Problem details: Instruction for the entries below: return the part that opens with the line containing "Quincy Shootout Illinois" and closes with the line containing "RafaellaCaruso – webcam", exactly, and no pictures.
------
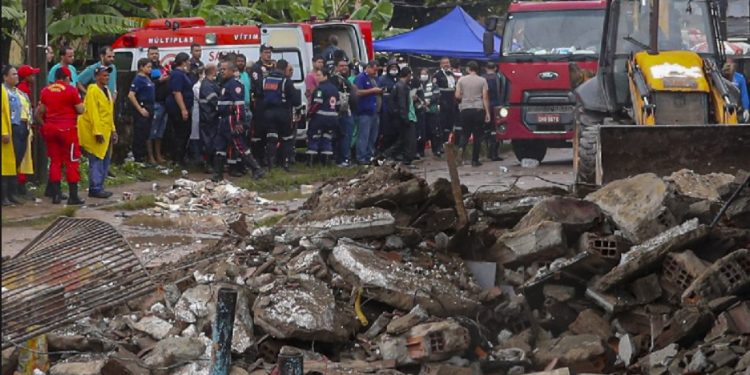 Shembet një ndërtesë në Brazil, deri më tani 8 persona kanë vdekur, ka ende të zhdukur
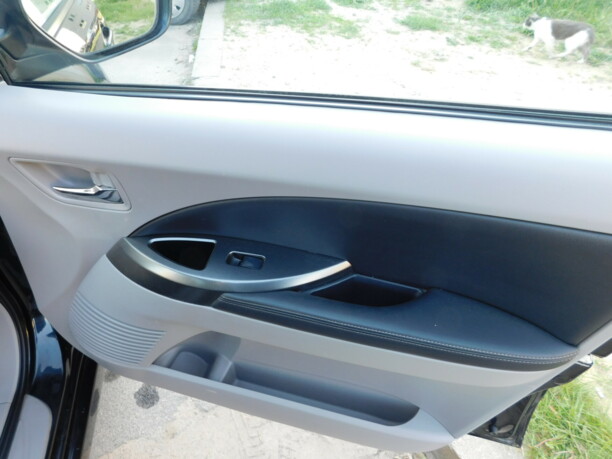 Mitsubishi Grandis, 7 мест, 2007 г.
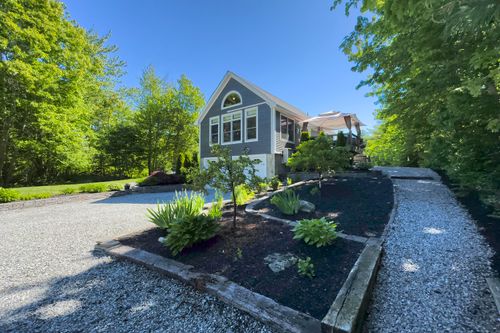 371 Union Rd, Waldoboro, ME, 04572-5823 | Card Image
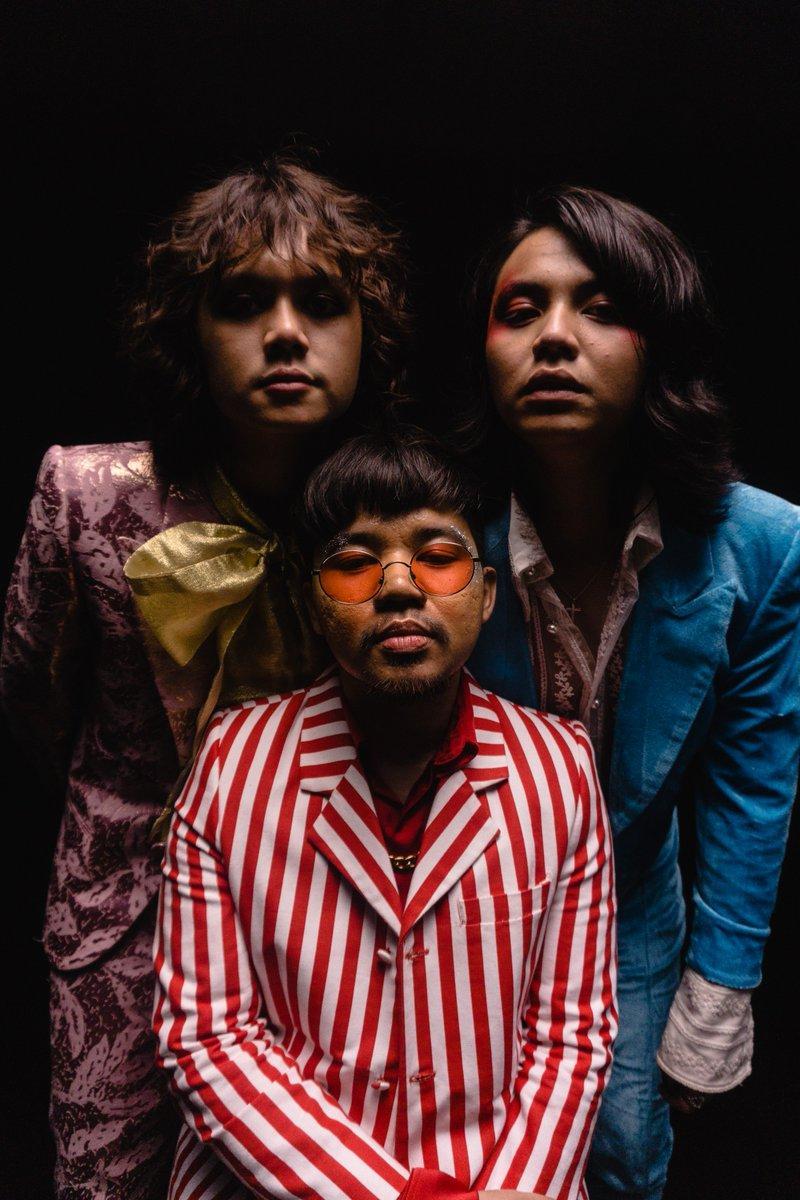 Featured image of post Aesthetic Iv Of Spades Wallpaper Hd iv of spades the world s end edgar wright the cornetto trilogy gary king andy knightley gary x andy zild benitez unique salonga blaster silonga badjao de iv of spades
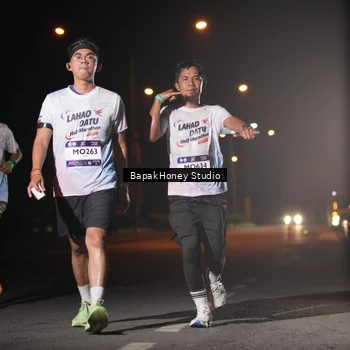 Runner Photo 7653671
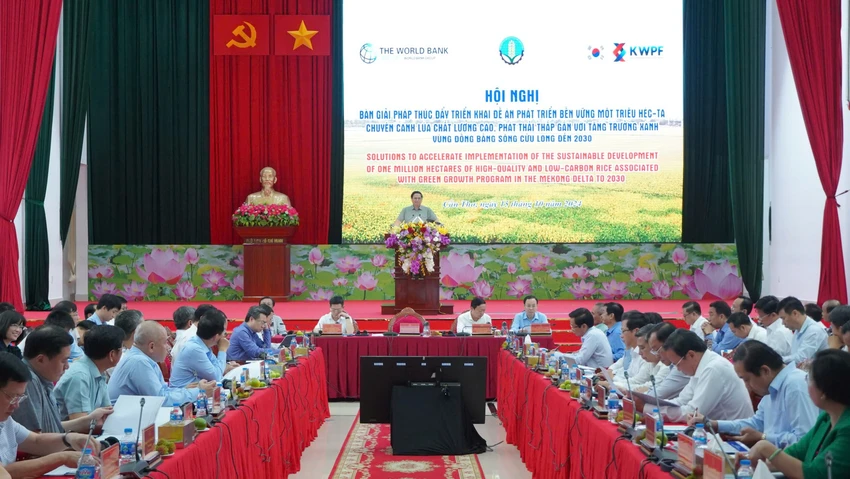 thu-tuong-pham-minh-chinh-chu-tri-hoi-nghi.jpg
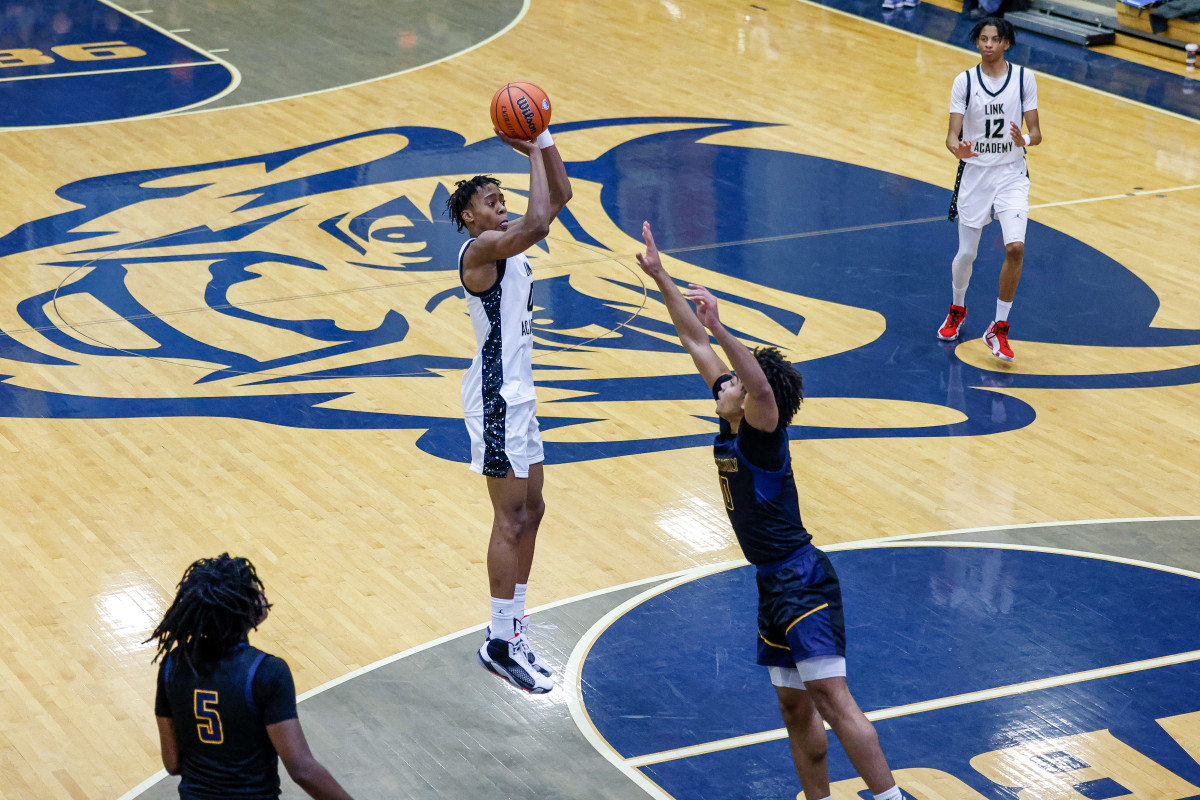 Quincy Shootout Illinois boys basketball January 19 2024 Nate Latsch 25511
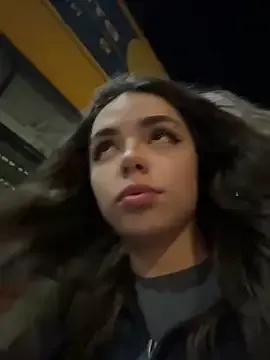 RafaellaCaruso – webcam model profile photo Image 8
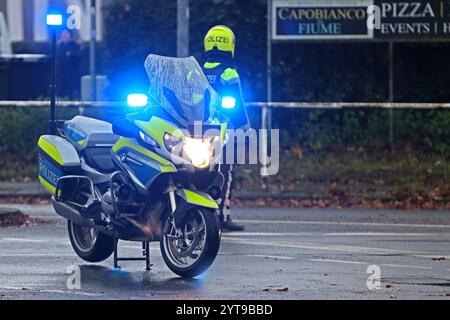 Einsatzfahrzeuge der Polizei Ein Motorradpolizist sperrt und sichert eine Straße Essen Nordrhein-Westfalen Deutschland *** Police emergency vehicles A motorcycle policeman blocks and secures a road Essen North Rhine-Westphalia Germany Stock Photo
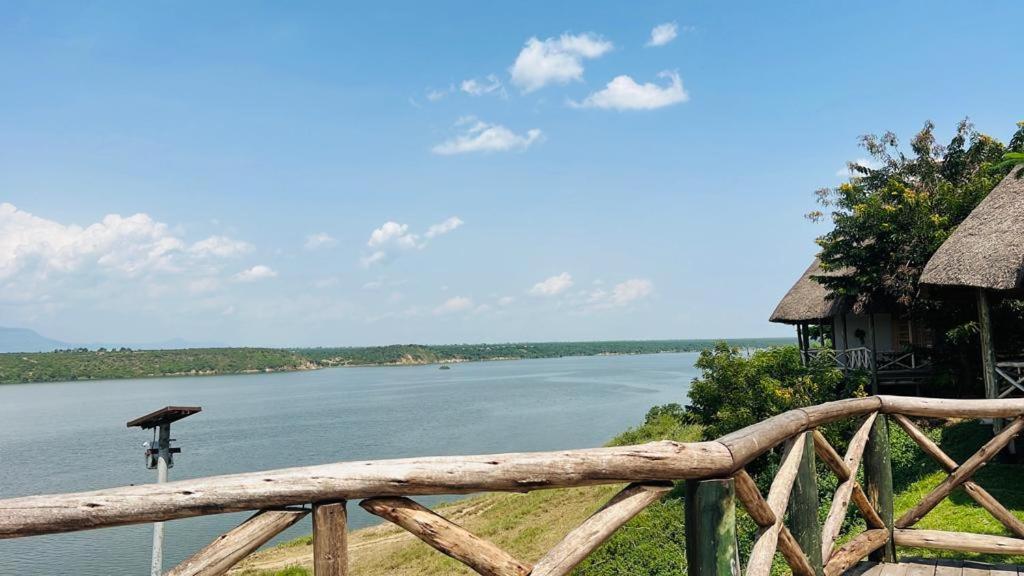 Tembo Safari Lodge Katunguru Экстерьер фото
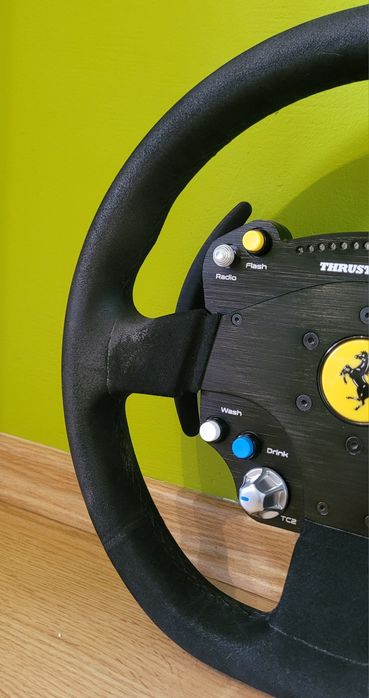 Obręcz kierownicy thrustmaster ferrari 488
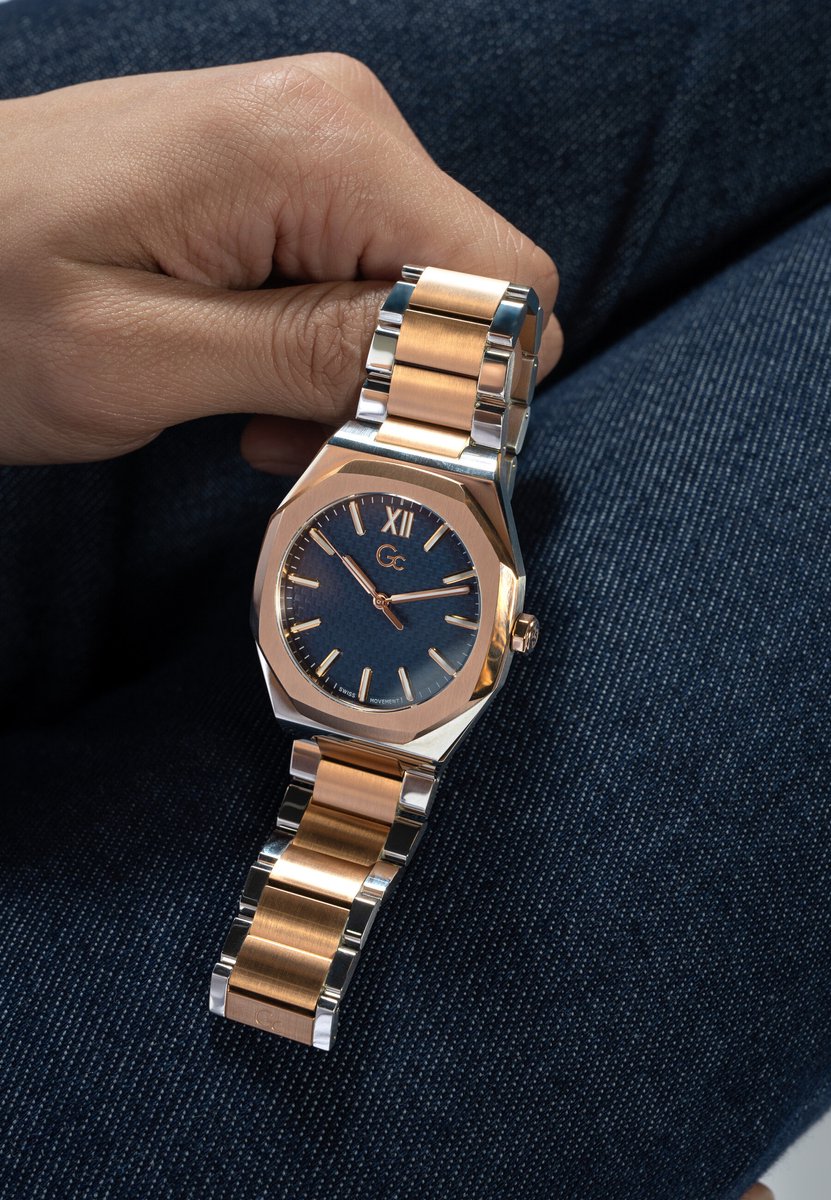 Gc Gc Coussin Sleek Quartz Analoog Horloge Zilver En Roos Kast: 100% Roestvrij Staal | Bracelet 100% Roestvrij Staal Round Z26001G7MF, Z26003G7MF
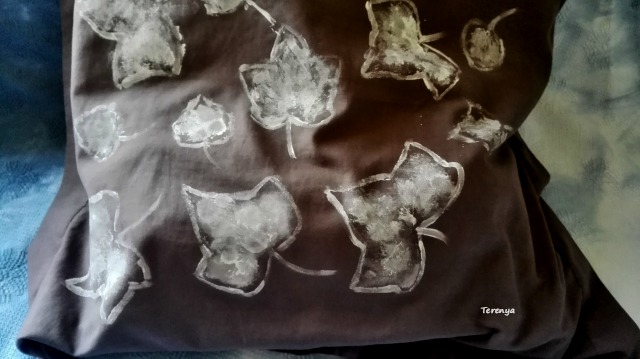 Estampar-con-hojas-arboles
------
Output of the exercise:
 Quincy Shootout Illinois boys basketball January 19 2024 Nate Latsch 25511
 RafaellaCaruso – webcam model profile photo Image 8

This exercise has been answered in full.